Randy 'The Ram' Robinson's wrestling career peaked long ago, but it peaked big. And we know why. In The Wrestler's finest scene, Mickey Rourke charms dozens of patrons at a grocery store meat counter, reminding us that he dominated the squared circle through charisma, not just muscle. But cutting meat is quiet work--too quiet for a man who misses his audience. Had Randy settled for a more stable living, right from the start, who knows how wretched he might have turned out? He might even be as pitiful as Aubrey.

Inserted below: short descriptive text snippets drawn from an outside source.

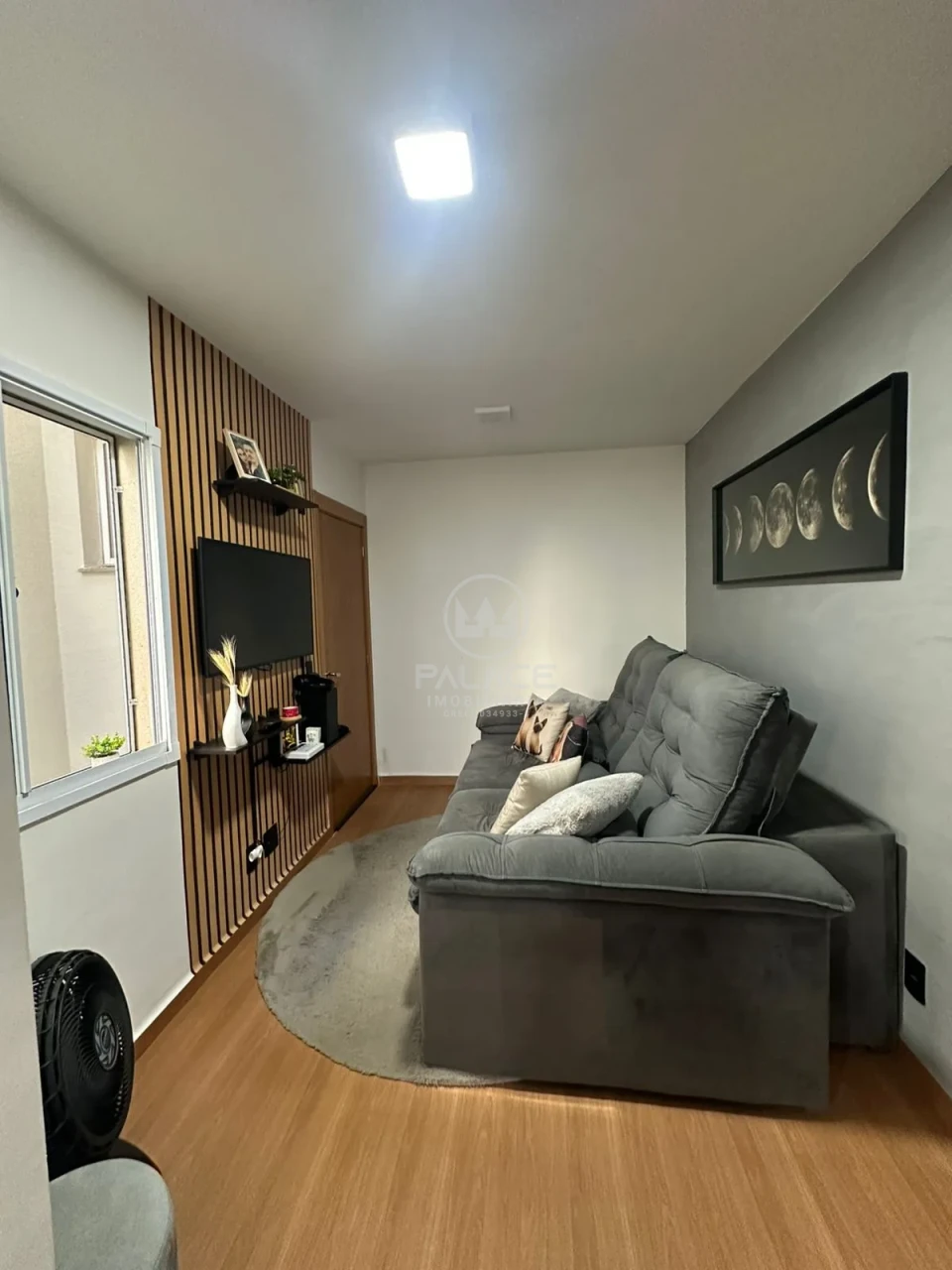 Apartamento Para Alugar Vitta Residencial Piracicaba - Foto 3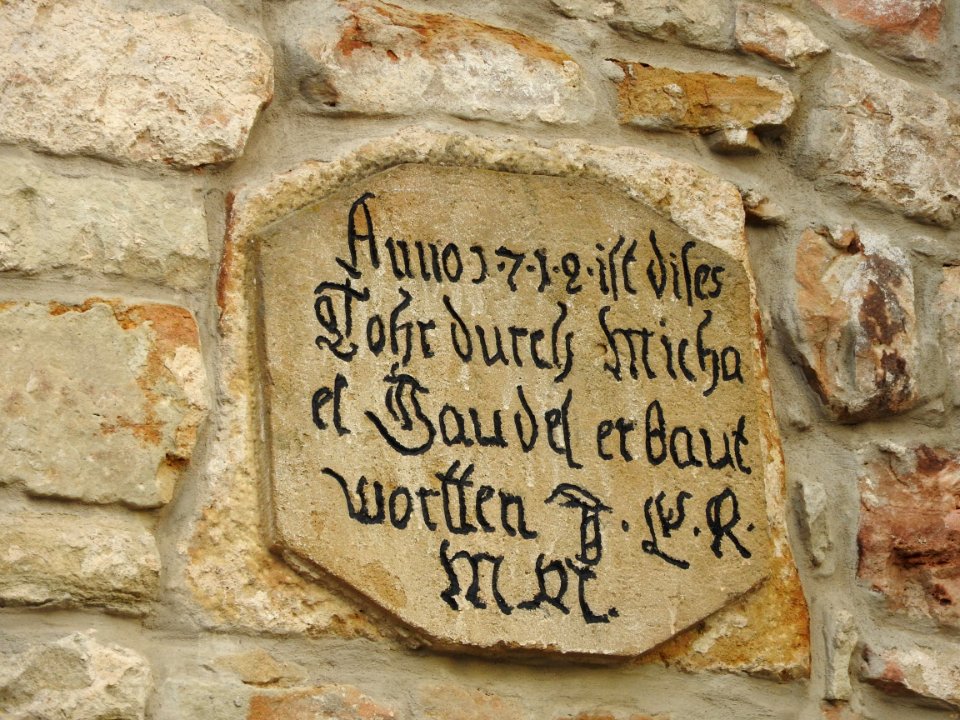 Walpernhain 09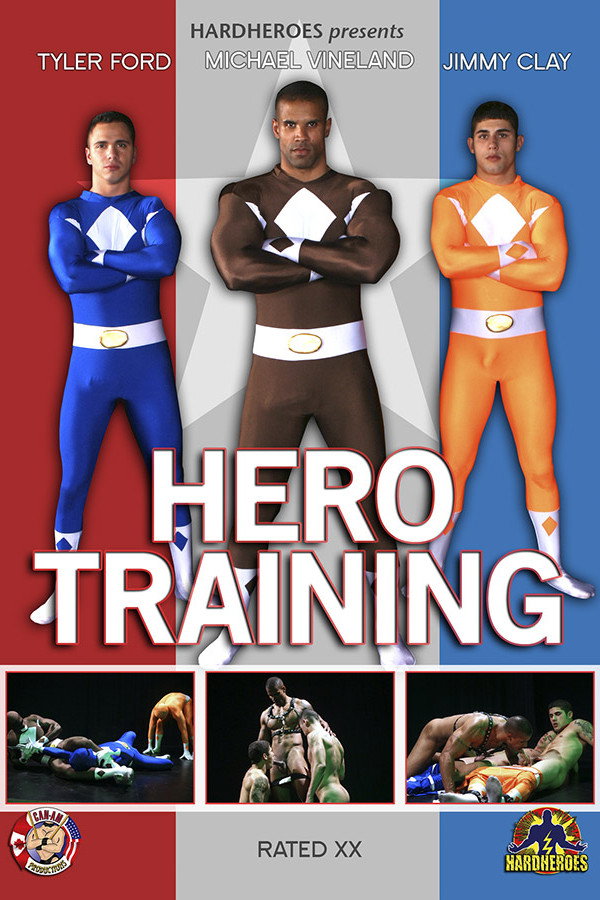 Hero Training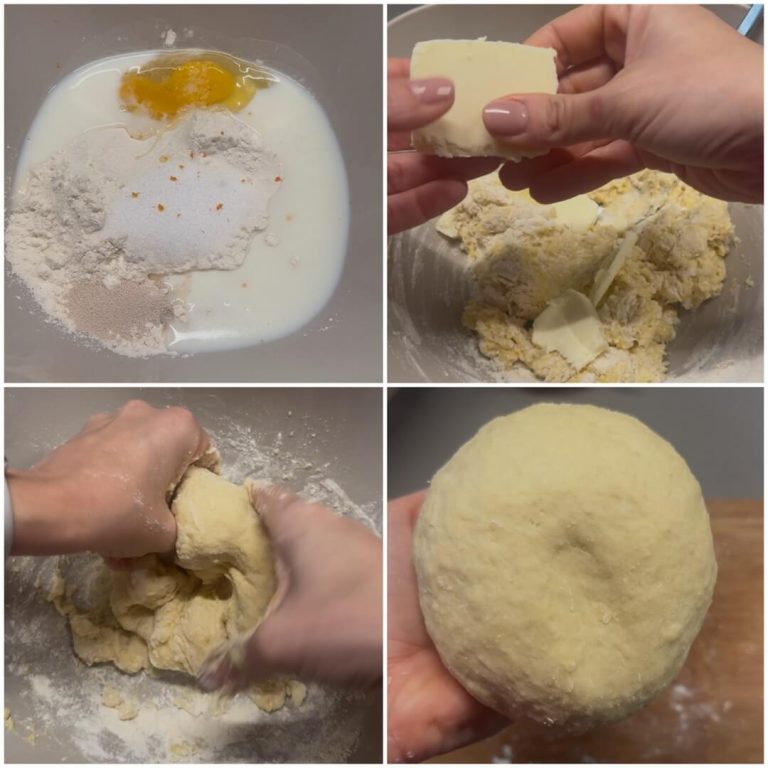 Flauti fatti in casa step1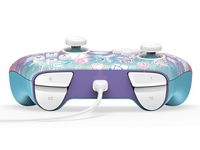 PowerA - Advantage Wired Controller for Nintendo Switch 2 - Mushroom Kingdom - Alternate Views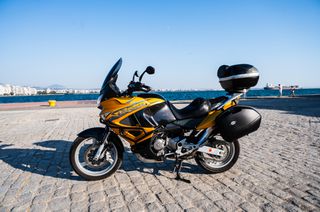 Honda Varadero 1000 2010 MK3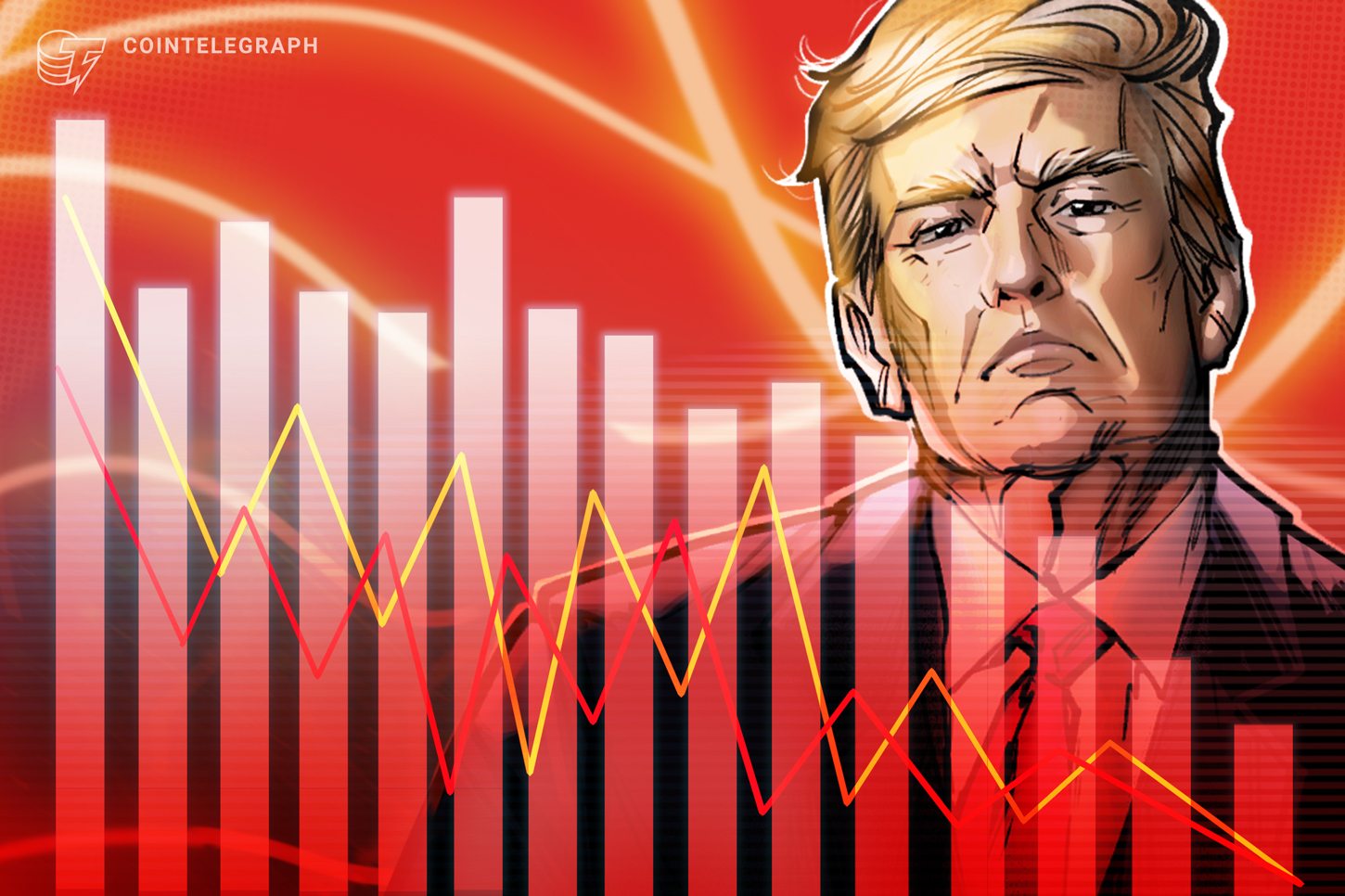 Mit Trump verbundene Krypto-Vorhaben ließen Anleger laut Public Citizen um 4,7 Milliarden Dollar im Minus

Aubrey is a big man in a small room; a would-be mover and shaker with the desire for greatness and perhaps, the talent to achieve it. The 'perhaps' is what tortures him. Aubrey (Ford Sterling) is a fraud who justifies his fraudulence because it is a means to an end. He has real achievements: a decent desk job and a wife who loves him; but their blandness makes his ambitions seem all the more ridiculous. Randy, at least, was 'The Wrestler'; Aubrey's just 'The Show Off.'
The Show Off is more comic than The Wrestler, but both films ask serious questions about the pursuit of greatness. We wonder how many good things a man is willing to destroy in order to be great; then we wonder whether a great man is synonymous with an admired one. Finally, we ask whether Randy and Aubrey, as likeable and talented as they are, can be great at all. Maybe they aren't even good.